As always, the golden rule of optimization is profile first. Modern computer hardware is too complex for performance to be a game of pure reason anymore. In my tests for this chapter, there was no penalty for using a flyweight over an enum. Flyweights were actually noticeably faster. But that’s entirely dependent on how other stuff is laid out in memory.
与往常一样，优化的黄金法则是 profile 优先。现代计算机硬件太复杂了，性能不再是纯粹理性的游戏。在我本章的测试中，使用 flyweight 而不是 enum 没有惩罚。蝇量级实际上明显更快。但这完全取决于其他内容在内存中的布局方式。

What I am confident of is that using flyweight objects shouldn’t be dismissed out of hand. They give you the advantages of an object-oriented style without the expense of tons of objects. If you find yourself creating an enum and doing lots of switches on it, consider this pattern instead. If you’re worried about performance, at least profile first before changing your code to a less maintainable style.
我确信的是，使用享元对象不应该被随意否定。它们为您提供了面向对象样式的优势，而无需花费大量对象。如果你发现自己正在创建一个 enum 并在其上执行大量 switch，请考虑此模式。如果您担心性能，至少在将代码更改为更难维护的样式之前先进行分析。

See Also  另请参阅

• In the tile example, we just eagerly created an instance for each terrain type and stored it in World. That made it easy to find and reuse the shared instances. In many cases, though, you won’t want to create all of the flyweights up front.
  在瓦片示例中，我们只是急切地为每种地形类型创建一个实例并将其存储在 World 中。这使得查找和重用共享实例变得容易。但是，在许多情况下，您不希望预先创建所有轻量级。

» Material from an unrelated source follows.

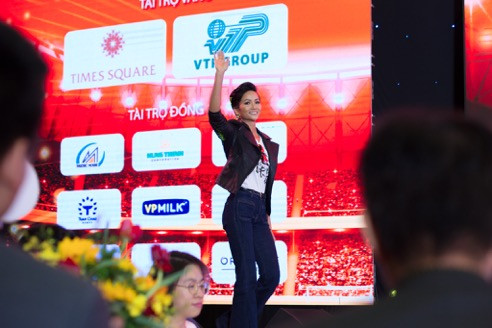 trang phục… trang phục…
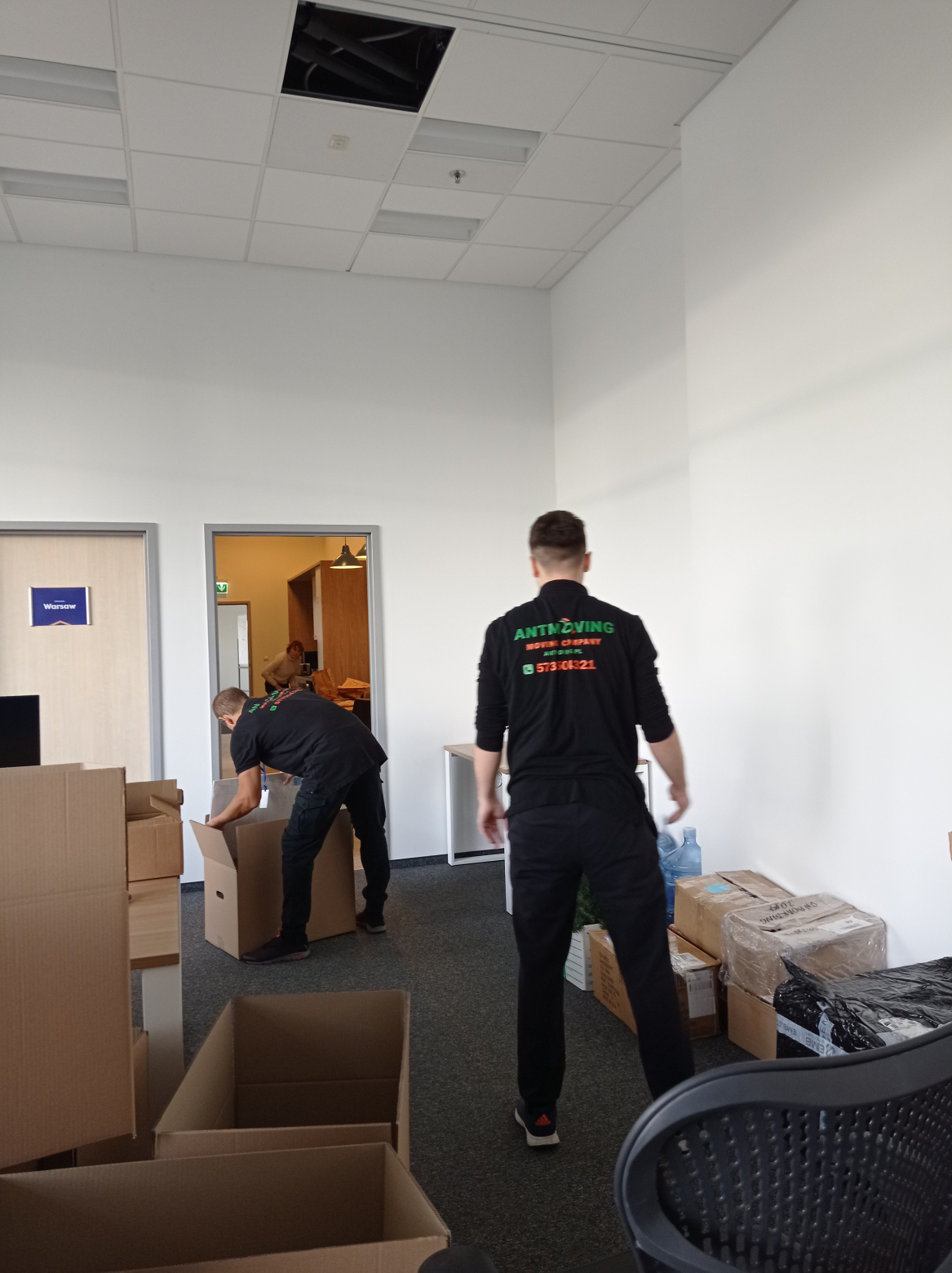 JAK PRACUJEMY PODCZAS PRZEPROWADZKI BIURA?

  If you can’t predict which ones you actually need, it’s better to create them on demand. To get the advantage of sharing, when you request one, you first see if you’ve already created an identical one. If so, you just return that instance.
  如果您无法预测您实际需要哪些，最好按需创建它们。要获得共享的优势，当您请求共享时，您首先要查看是否已经创建了相同的共享。如果是这样，您只需返回该实例。

  This usually means that you have to encapsulate construction behind some interface that can first look for an existing object. Hiding a constructor like this is an example of the Factory Method pattern.
  这通常意味着您必须将构造封装在一些可以首先查找现有对象的接口后面。像这样隐藏构造函数是 Factory Method 模式的一个示例。

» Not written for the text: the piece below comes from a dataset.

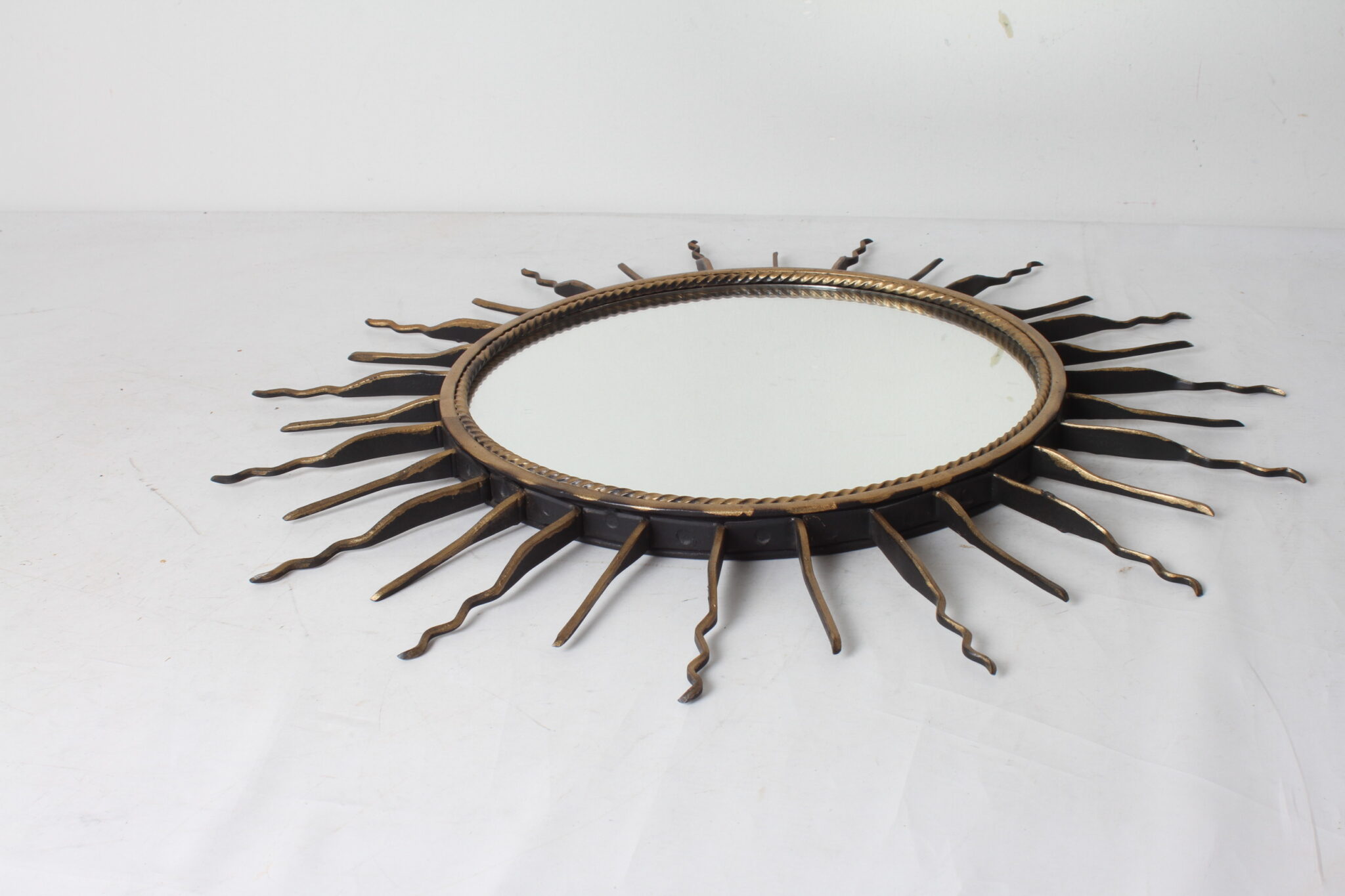 Miroir soleil vintage en métal doré – Image 3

• In order to return a previously created flyweight, you’ll have to keep track of the pool of ones that you’ve already instantiated. As the name implies, that means that an object pool might be a helpful place to store them.
  为了返回之前创建的享元，您必须跟踪已实例化的享元池。顾名思义，这意味着对象池可能是存储它们的有用位置。

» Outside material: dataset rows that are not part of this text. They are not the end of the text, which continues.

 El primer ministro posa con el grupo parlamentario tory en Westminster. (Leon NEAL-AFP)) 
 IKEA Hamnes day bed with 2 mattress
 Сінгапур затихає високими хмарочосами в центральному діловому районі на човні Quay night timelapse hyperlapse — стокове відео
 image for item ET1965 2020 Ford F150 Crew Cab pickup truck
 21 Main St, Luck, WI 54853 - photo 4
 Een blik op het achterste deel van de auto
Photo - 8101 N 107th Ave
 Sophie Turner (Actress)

• When you’re using the State pattern, you often have “state” objects that don’t have any fields specific to the machine that the state is being used in. The state’s identity and methods are enough to be useful. In that case, you can apply this pattern and reuse that same state instance in multiple state machines at the same time without any problems.
  当您使用 State 模式中，您经常会遇到没有任何特定字段的 “state” 对象 添加到正在使用该状态的计算机中。该州的 身份和方法就足够有用了。在这种情况下，您可以申请 this 模式，并在多个状态机中重用同一 state 实例 同时没有任何问题。